-- WORK REQUEST --
Using the data below, output the first line and every line after it up to and including the line containing "Alan walker, sabrina", exactly as written and with nothing added.

┄┄┄┄┄┄┄┄┄┄

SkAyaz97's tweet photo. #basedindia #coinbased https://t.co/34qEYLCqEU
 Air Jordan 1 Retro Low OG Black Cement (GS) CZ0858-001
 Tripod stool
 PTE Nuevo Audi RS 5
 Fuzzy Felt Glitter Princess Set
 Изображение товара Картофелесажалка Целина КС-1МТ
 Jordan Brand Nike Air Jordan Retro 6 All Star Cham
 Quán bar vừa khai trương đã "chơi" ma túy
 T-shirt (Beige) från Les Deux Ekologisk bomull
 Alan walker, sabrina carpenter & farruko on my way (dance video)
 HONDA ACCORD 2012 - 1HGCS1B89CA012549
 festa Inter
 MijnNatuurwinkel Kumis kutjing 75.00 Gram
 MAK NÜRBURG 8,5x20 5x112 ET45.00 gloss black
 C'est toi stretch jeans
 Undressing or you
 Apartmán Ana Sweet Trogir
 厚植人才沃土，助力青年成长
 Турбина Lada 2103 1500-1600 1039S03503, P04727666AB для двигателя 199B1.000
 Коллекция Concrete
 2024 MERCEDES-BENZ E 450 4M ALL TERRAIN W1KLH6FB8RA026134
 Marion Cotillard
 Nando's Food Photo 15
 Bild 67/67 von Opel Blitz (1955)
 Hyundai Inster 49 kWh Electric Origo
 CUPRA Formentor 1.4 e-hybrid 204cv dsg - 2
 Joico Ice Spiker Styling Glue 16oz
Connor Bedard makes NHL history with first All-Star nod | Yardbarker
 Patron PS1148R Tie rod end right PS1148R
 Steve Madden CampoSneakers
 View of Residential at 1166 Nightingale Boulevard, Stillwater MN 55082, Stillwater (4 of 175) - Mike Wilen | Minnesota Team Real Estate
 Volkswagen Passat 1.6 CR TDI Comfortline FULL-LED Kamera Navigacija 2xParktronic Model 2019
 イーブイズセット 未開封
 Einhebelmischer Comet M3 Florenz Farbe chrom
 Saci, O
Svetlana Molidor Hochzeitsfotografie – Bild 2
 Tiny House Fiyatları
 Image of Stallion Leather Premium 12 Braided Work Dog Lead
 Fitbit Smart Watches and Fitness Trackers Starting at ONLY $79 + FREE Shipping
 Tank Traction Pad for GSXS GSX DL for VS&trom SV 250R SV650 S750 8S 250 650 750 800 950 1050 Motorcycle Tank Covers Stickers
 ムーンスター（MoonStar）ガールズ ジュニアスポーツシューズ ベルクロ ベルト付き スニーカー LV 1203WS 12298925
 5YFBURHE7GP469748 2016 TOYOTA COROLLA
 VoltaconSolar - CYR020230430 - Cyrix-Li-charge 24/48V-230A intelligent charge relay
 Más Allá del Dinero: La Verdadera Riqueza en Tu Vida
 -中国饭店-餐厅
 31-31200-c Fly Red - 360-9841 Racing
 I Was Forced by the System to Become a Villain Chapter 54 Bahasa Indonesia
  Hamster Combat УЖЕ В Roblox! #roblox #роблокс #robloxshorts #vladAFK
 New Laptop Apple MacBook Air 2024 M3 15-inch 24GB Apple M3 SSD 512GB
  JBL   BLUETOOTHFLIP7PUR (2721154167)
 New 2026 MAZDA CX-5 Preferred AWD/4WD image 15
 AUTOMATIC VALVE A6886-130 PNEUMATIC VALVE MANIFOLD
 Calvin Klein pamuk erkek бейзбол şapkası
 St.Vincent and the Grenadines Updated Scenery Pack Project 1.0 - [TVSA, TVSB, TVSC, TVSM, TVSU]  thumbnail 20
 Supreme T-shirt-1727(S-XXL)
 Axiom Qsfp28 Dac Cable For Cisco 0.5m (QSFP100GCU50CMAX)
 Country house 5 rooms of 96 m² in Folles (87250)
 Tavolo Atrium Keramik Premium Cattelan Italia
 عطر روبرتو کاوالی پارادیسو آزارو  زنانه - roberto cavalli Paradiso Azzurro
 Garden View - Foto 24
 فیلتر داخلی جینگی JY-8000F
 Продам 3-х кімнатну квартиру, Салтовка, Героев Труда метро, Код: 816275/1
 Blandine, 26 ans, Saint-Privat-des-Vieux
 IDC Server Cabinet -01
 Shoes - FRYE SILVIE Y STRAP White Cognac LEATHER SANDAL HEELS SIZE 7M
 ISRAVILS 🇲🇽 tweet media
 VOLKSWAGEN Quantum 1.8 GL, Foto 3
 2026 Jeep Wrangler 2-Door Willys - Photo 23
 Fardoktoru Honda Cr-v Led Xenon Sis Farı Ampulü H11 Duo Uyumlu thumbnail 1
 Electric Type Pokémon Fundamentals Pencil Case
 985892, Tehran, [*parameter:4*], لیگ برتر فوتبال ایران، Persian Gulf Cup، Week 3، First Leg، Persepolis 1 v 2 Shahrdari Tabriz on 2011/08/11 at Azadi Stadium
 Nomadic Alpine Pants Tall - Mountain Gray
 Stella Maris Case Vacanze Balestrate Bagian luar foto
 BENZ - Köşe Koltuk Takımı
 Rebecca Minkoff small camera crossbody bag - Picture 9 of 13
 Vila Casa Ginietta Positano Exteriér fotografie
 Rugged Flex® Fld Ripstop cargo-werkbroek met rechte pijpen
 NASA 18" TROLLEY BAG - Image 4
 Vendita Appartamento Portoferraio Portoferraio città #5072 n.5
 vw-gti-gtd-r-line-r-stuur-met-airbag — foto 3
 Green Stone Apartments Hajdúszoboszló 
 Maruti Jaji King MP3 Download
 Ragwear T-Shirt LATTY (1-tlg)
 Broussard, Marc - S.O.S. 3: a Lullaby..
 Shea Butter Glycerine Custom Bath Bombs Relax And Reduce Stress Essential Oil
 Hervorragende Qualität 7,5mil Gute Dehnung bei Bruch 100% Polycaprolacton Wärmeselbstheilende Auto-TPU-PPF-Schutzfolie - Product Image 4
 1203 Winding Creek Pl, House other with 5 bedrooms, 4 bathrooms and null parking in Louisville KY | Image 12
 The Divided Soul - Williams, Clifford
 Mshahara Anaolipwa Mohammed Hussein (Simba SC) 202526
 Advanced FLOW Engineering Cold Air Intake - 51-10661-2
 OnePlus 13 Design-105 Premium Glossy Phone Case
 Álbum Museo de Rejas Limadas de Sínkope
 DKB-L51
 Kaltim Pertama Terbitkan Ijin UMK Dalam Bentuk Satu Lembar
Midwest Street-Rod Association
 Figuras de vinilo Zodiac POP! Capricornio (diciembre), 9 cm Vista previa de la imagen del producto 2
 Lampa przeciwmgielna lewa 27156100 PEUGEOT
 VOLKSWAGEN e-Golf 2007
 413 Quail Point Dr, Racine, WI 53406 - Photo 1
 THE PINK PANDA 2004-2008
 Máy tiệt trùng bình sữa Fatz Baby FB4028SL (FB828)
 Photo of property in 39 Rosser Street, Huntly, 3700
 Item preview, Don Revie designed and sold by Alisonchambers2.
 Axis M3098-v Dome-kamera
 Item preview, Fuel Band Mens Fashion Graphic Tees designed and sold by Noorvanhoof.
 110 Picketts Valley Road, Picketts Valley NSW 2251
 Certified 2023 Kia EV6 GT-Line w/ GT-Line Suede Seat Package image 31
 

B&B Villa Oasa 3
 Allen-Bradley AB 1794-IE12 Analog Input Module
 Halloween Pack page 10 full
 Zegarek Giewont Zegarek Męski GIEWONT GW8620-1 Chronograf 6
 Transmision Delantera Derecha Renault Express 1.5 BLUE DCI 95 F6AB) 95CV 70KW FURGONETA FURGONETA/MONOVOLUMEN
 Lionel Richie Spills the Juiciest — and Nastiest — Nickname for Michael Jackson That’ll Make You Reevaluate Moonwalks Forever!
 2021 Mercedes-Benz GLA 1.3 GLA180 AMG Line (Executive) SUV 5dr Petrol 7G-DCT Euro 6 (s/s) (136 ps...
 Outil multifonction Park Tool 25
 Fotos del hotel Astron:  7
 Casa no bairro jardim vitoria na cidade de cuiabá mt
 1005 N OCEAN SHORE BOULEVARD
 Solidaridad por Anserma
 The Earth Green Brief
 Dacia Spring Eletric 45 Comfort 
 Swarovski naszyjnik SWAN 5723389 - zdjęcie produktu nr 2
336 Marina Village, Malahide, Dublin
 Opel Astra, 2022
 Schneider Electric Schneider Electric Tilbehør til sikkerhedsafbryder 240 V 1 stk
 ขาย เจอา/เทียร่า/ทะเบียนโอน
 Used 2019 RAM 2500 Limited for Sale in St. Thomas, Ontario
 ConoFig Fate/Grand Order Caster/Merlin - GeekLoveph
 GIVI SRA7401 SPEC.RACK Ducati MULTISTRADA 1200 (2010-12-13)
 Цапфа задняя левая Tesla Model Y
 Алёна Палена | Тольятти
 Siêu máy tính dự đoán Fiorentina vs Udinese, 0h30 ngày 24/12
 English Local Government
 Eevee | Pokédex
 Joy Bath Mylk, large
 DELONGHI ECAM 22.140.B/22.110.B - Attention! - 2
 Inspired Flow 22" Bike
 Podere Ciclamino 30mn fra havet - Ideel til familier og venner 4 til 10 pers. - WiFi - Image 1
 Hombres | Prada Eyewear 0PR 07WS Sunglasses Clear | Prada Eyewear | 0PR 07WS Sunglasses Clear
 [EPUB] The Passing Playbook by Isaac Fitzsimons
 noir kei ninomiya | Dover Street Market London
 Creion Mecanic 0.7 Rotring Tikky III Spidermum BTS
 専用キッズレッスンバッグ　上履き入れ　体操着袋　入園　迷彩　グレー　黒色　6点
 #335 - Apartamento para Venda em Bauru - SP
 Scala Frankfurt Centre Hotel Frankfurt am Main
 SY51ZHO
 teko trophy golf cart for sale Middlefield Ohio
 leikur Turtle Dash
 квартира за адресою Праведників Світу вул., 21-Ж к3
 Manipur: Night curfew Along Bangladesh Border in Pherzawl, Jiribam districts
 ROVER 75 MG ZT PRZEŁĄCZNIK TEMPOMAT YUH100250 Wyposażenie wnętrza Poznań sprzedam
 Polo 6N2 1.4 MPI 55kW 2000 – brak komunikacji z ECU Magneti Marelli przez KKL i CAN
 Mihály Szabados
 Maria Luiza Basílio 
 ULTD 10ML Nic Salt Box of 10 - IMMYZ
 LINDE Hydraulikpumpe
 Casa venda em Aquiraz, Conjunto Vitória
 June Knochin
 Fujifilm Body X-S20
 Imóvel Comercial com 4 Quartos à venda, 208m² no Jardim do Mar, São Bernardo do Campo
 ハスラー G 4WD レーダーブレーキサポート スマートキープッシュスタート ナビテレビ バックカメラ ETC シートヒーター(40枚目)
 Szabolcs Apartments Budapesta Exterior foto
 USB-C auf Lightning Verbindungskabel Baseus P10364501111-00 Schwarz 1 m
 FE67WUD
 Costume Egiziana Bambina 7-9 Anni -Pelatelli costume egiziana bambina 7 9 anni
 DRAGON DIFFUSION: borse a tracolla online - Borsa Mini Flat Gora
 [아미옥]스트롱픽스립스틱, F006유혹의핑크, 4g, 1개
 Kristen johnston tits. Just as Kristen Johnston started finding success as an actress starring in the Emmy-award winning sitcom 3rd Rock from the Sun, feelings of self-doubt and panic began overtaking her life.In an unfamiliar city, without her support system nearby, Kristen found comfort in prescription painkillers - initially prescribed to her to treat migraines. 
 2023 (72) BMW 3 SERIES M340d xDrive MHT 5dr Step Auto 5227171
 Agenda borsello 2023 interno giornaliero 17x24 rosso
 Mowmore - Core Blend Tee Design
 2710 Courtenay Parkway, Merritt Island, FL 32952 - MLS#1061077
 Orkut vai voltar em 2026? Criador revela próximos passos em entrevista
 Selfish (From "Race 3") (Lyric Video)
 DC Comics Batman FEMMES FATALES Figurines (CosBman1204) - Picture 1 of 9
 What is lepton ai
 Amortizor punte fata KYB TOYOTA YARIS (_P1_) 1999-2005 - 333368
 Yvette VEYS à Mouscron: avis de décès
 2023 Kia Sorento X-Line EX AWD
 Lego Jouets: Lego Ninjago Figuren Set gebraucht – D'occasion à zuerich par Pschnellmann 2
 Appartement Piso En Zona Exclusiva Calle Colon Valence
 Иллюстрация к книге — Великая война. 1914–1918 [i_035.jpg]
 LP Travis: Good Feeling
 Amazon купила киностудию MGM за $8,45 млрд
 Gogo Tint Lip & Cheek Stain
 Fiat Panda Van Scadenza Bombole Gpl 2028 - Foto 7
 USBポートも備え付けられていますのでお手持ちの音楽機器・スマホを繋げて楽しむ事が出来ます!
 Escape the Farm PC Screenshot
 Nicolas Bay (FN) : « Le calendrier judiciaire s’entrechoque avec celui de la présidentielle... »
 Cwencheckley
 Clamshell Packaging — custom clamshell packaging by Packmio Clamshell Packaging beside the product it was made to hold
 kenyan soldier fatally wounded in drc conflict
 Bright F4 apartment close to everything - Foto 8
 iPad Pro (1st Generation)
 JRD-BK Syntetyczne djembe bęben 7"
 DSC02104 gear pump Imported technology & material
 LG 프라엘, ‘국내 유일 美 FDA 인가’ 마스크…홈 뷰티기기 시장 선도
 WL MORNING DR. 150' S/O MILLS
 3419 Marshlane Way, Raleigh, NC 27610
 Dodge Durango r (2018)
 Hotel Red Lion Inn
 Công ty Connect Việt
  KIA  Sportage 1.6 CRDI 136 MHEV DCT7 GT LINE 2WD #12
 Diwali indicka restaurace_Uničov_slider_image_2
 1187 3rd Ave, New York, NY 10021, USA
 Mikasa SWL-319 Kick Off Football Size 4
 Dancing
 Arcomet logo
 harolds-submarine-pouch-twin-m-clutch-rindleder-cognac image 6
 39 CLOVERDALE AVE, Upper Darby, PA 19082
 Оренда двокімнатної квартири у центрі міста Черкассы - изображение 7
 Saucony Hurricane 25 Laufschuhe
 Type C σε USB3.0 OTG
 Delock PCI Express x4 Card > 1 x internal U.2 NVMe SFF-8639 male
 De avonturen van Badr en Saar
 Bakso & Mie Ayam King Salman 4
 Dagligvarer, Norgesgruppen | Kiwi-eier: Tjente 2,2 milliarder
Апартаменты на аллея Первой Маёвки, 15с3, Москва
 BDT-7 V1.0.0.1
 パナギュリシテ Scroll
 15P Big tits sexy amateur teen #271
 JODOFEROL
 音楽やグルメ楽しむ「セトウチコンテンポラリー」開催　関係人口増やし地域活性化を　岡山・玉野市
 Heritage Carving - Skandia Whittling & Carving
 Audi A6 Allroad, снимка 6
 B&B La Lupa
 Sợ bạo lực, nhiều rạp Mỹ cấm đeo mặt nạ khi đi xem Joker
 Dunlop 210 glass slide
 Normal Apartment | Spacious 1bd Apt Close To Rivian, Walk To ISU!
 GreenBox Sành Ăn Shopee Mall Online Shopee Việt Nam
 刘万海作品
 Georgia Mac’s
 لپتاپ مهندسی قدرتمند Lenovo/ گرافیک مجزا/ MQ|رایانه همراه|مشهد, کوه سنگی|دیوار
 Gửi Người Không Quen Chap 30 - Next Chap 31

┄┄┄┄┄┄┄┄┄┄

-- EXERCISE SOLUTION --
SkAyaz97's tweet photo. #basedindia #coinbased https://t.co/34qEYLCqEU
 Air Jordan 1 Retro Low OG Black Cement (GS) CZ0858-001
 Tripod stool
 PTE Nuevo Audi RS 5
 Fuzzy Felt Glitter Princess Set
 Изображение товара Картофелесажалка Целина КС-1МТ
 Jordan Brand Nike Air Jordan Retro 6 All Star Cham
 Quán bar vừa khai trương đã "chơi" ma túy
 T-shirt (Beige) från Les Deux Ekologisk bomull
 Alan walker, sabrina carpenter & farruko on my way (dance video)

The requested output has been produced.